The following is a brief general list of the different and most commonly used types of Neural Networks that have been developed over the years for various AI applications to date. For further details on each of these please refer to ‘Appendix 8 – Neural Network types’.
DNNs can refer to any Neural Network architecture that has more than one hidden layer, and as such can be considered a general category that includes many of the other types of Neural Networks in the following list. DNNs can take many different forms and be used for a variety of tasks.
LNNs are a highly computationally efficient time-continuous variation of a Recurrent Neural Network (RNN) that processes data sequentially, keeps the memory of past inputs, adjusts its behaviors based on new inputs, and can handle variable-length inputs to enhance the task-understanding capabilities of NNs. Using Ordinary Differential Equations (ODEs) for computation between nodes in the Neural Network, the LNN architecture differs from traditional Neural Networks due to its ability to process continuous or time series data effectively. If new data is available, LNNs can change the number of neurons and connections per layer.
Transformers are a type of Neural Network that has become popular for natural language processing tasks such as language translation, due to their ability to process input sequences in parallel and capture long-term dependencies. They rely on self-attention mechanisms to focus on relevant parts of the input sequence.
SNNs are a type of Neural Network that attempts to model the behavior of biological neurons more closely than traditional Neural Networks. In SNNs, neurons communicate with each other by sending discrete, spike-like signals rather than continuous activation values. SNNs are a relatively recent development in Neural Network research and are still an area of active study. They have shown promise in areas such as neuromorphic computing and robotics, but are not yet widely used in practical applications. SNNs are a distinct type of Neural Network architecture, and could be placed somewhere after traditional feedforward networks and recurrent networks.
GANs are a type of Neural Network that consists of two sub-networks: a generator network and a discriminator network. The generator network learns to generate synthetic data that is similar to the real data, while the discriminator network learns to distinguish between the real and synthetic data. These networks are commonly used in tasks such as image generation and style transfer.
RNNs are a type of Neural Network that is designed to handle sequential data, such as time series data or natural language text. RNNs have a feedback loop that allows information to be passed from one time step to the next, allowing them to capture temporal dependencies.
CNNs are a type of Neural Network that is commonly used for image and video processing tasks. CNNs are designed to learn spatial features in the data by applying convolutional filters to the input image or video.

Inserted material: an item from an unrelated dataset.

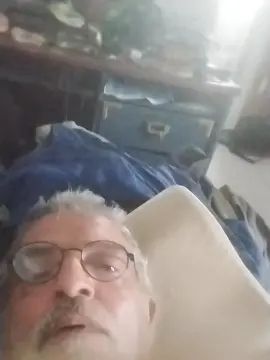 Stream the complete scene named Gay sex chat with Coolbrady974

AlexNet is a specific type of Convolutional Neural Network (CNN) with a DNN layered design that was developed in 2012, and is often cited as one of the key discontinuous advancements in AI research and the AI industry.
DBNs are a type of Neural Network that consists of multiple layers of hidden units. DBNs are typically used for unsupervised learning tasks, such as feature learning and dimensionality reduction.
Autoencoder Networks are a type of Neural Network that is used for unsupervised learning tasks such as data compression and image denoising. Autoencoders consist of an encoder network that maps the input data to a low-dimensional representation, and a decoder network that maps the low-dimensional representation back to the original data.
Perceptron Network are among the most basic type of Neural Network that was developed in the 1950s and is one of the earliest Neural Network architectures. Perceptrons are simple feedforward networks that consist of a single layer of nodes with binary activations. They were originally developed for binary classification tasks.
Gradient Descent Algorithm refers to the use gradient descent as a mathematical optimization algorithm, and is used with many different types of Neural Networks in this list.
Backpropagation is a specialized methodical application of the Gradient Descent Algorithm used for Supervised Learning in Neural Networks.
In addition to the Gradient Descent Algorithm there are many other different types of Neural Network optimization algorithms, and each has advantages and disadvantages.